By Robyn Doreian
Nazeem Hussain. Occupation Comedian and actor. Age 34. Relationship status Single. Best known for Orange Is the New Brown TV series. Currently working on an upcoming podcast, Sri Lanka.
My mum, Mumtaz (Hamid), met my dad, Shereen, in London. He had studied engineering and after they married his work took them to Melbourne in the late 1970s.
I was six when he returned to Sri Lanka. It wasn’t easy for a young kid to live through a separation and divorce. But my sisters, Aiesha and Azmeena, my mum and I found strength in each other and became a team.
Mum is one of eight children. If she finds something funny, she laughs out loud. If she misses someone, she’ll tell them. If she’s sad, she’ll cry. My mum is just all-out.
For birthday parties, boys from school would come to our house in Burwood [in Melbourne’s east]. Mum would join in, turn the music on, and start dancing with my friends. I was so embarrassed, but the kids were having a great time, probably wanting to hang out with my mum more than me.
My older sister, Aiesha, was pretty much a second mum. She is very assertive and would boss my little sister, Azmeena, and me around. I could never win an argument with her and I still can’t.
Azmeena and I are only 18 months apart. She is probably my best mate. She is the funniest person in the family. Everyone is surprised when they find out I am the comedian. She is a workplace injury lawyer. People she has represented tell me how she looked after them during their darkest times. I can never tell her properly that I think she’s the best.
My first crush was Prue Gower in prep. Her dad was a cop. According to Facebook, she now lives in Perth. One time, Aiesha saw us holding hands at school and yelled, “Ewww.” So I said, “Get off me, Prue. Stop touching me,” and ran away.
In the Muslim community, we keep our premarital relationships under wraps. If you meet a girl, you’d say you would like to get to know her for the express purpose of marriage. That’s the way I’ve always viewed relationships, to ask the big questions upfront. Then, if you are both on the same page, see if things work emotionally and romantically. This is how I met my wife, Shaheeda (Abdulla).
We both went to Deakin University and became friends years after I’d completed degrees in law and science. We married in a Muslim ceremony in 2015, but separated in 2018. I am now a single father to our two-year-old son, Eesa, whom we raise together.
I met Casey Donovan in 2017 doing I’m a Celebrity … Get Me Out of Here!

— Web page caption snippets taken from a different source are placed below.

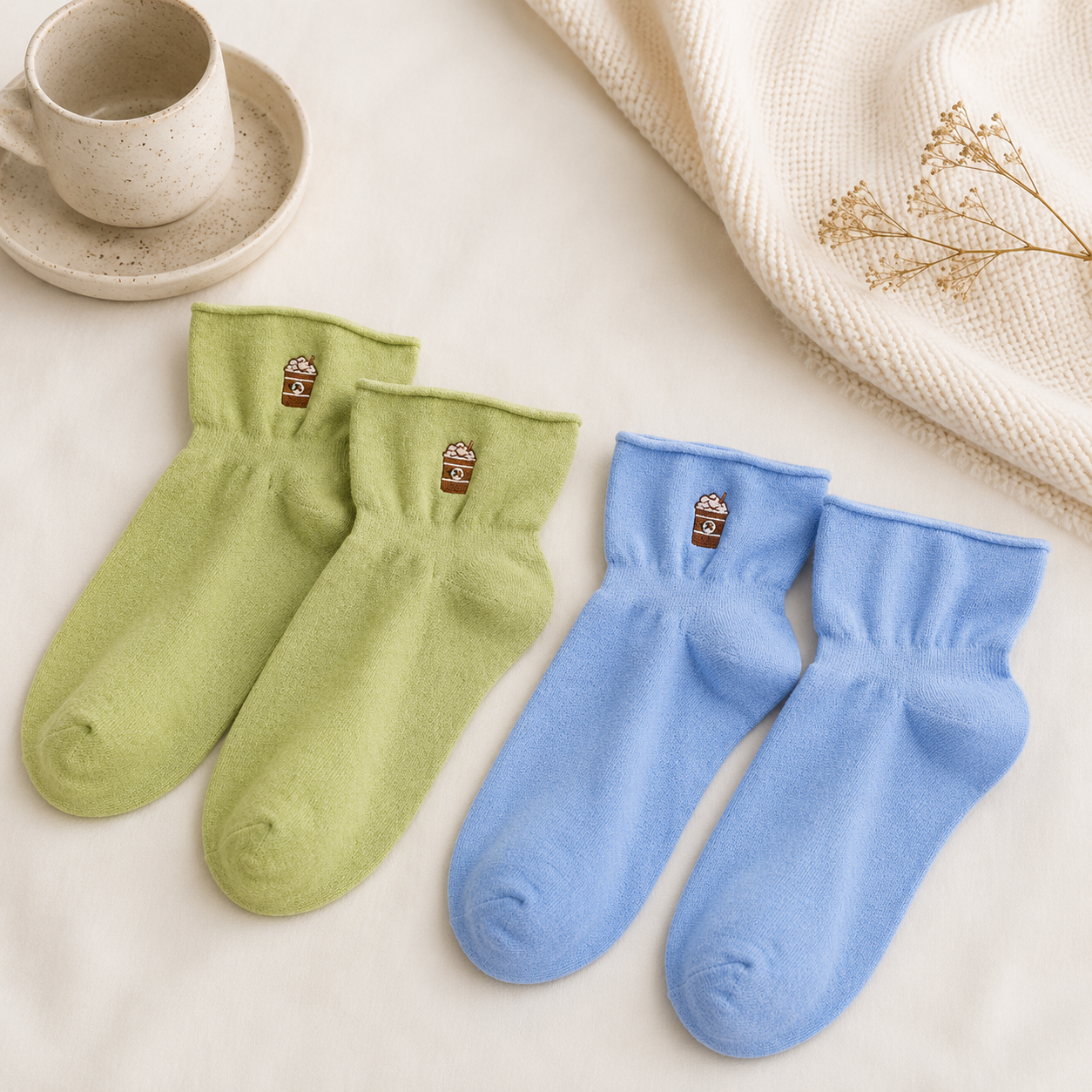 Weiche Viertelsocken (2 Paar) - Blau+Grün - EU37-41 (US4-8) - image 8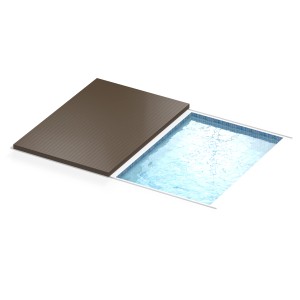Alu Dibond Streifen für Poolabdeckung, teilweise geschlossen, braune Terrassendielen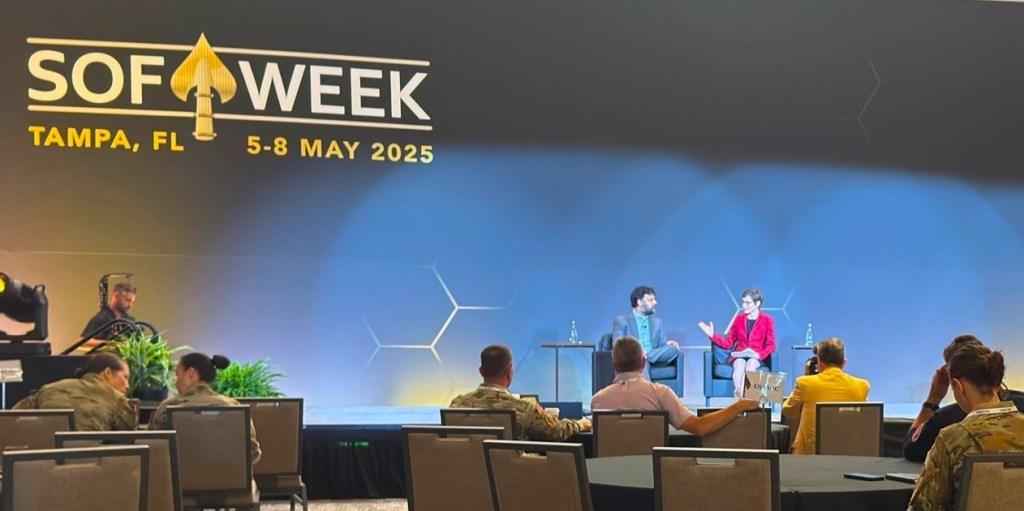 Journalist Catherine Herridge, right, interviews Akash Jain during a panel on artificial intelligence in national security during Special Operations Forces Week 2025 in Tampa, Fla., May 7, 2026.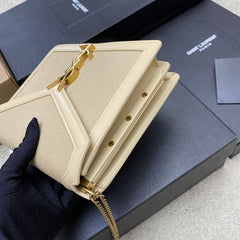 (Pre-Order) YSL Envelope Chain Bag – Beige Canvas with Leather Trim (22CM) (Replica)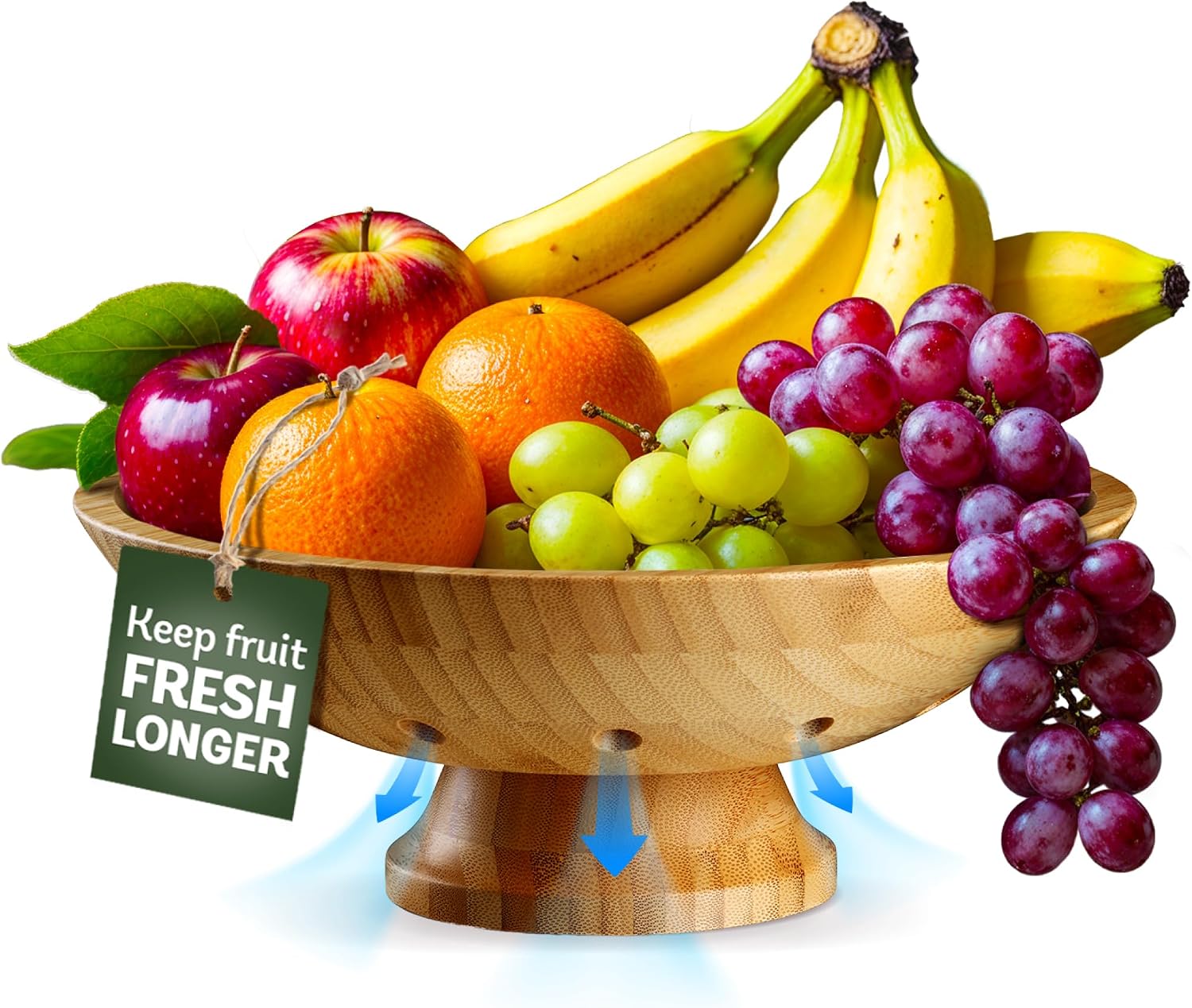 Fruit Basket for Kitchen Counter – Fruit Bowl for Kitchen Counter, Bamboo Pedestal Fruit Basket with Ventilation Holes, Wooden Fruit Bowl for Fruit and Vegetable Storage, Decorative Frutero for Cocina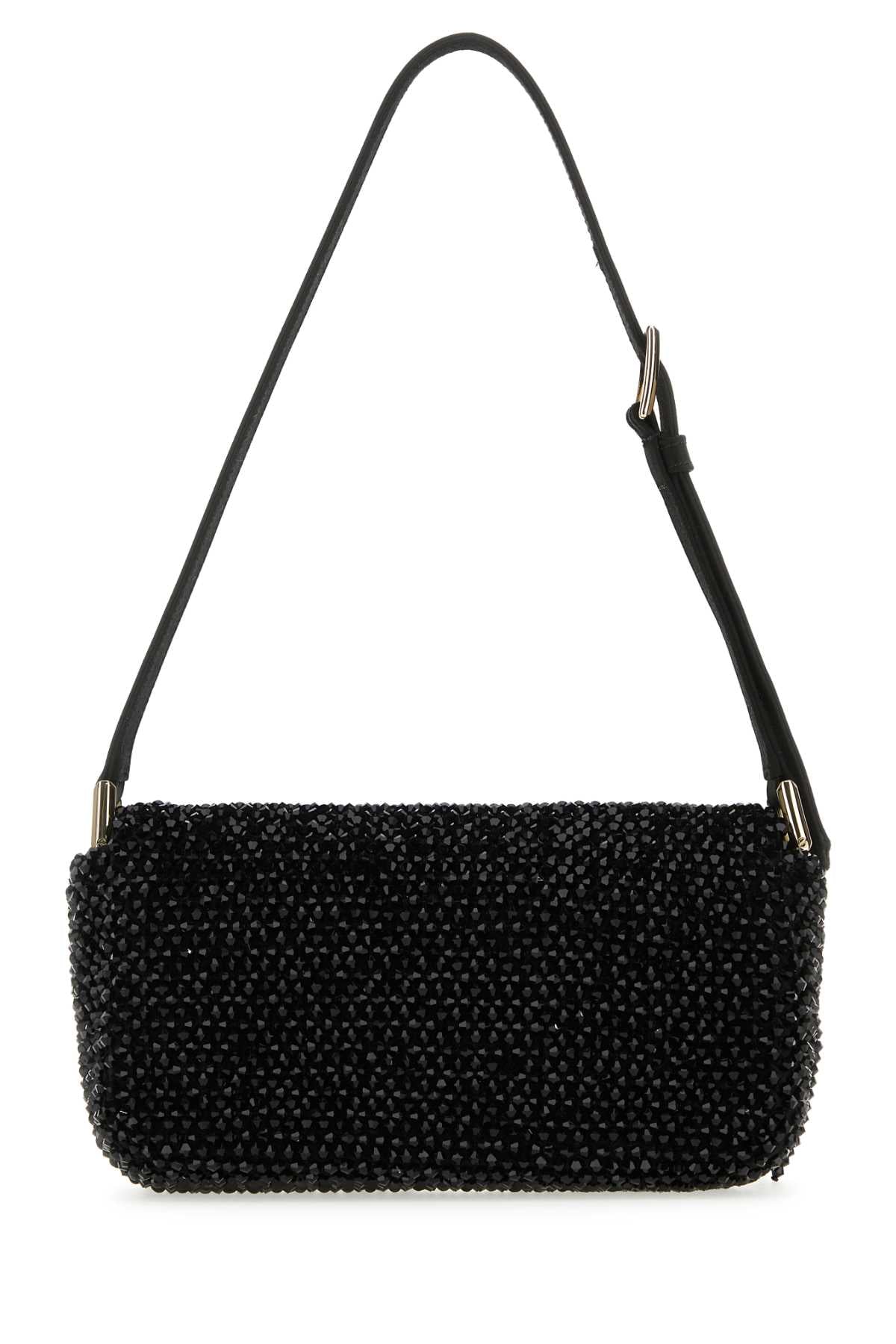 Jimmy Choo Women Black Satin Mini Avenue Shoulder Bag by Luosophy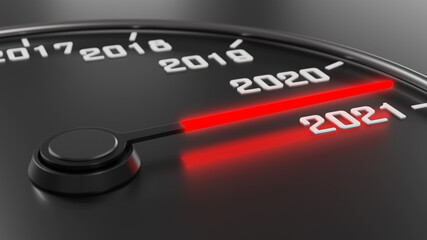 Happy New Year Background. Start in 2021. 3D illustration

I view her as my sister. Her emotional intelligence is off the charts. She helps me see gaps in my emotional understanding of someone’s behaviour. Her understanding of life from a woman’s perspective is valuable.
Becky Lucas [Orange Is the New Brown] is going be Australia’s biggest comedy star in the next few years. She is quick and direct and says what she thinks. She also does what’s right and has a strong moral compass.
I was crowned King of the Moomba Festival in March. Julia Morris was its queen. To be a successful woman in comedy, you really have to give no shits and no f--ks, and Julia doesn’t. Audiences watch her because she puts it all out on stage. She isn’t too cool for anything, and if it’s funny, she’ll do it.
Julia is talented and beautiful but also talks openly about feeling insecure, and people warm to that. It’s not that she doesn’t care about the sexist hate she receives, she is able to push through
it. She still mentors upcoming talent and is giving and generous.
I went to Sri Lanka late last year to make an eight-episode podcast about reconciling my Australian and Sri Lankan identities. There, I met my aunties and cousins. There’s this weird perception that South Asian or maybe Muslim women are somehow meek. But what stood out was how quiet my male cousins were. And just how loud, vivacious and jokey the women were.
Same thing with my mum; my stepfather, Zabeedh, whom she married 10 years ago, is so quiet you’d sometimes forget he’s in the room.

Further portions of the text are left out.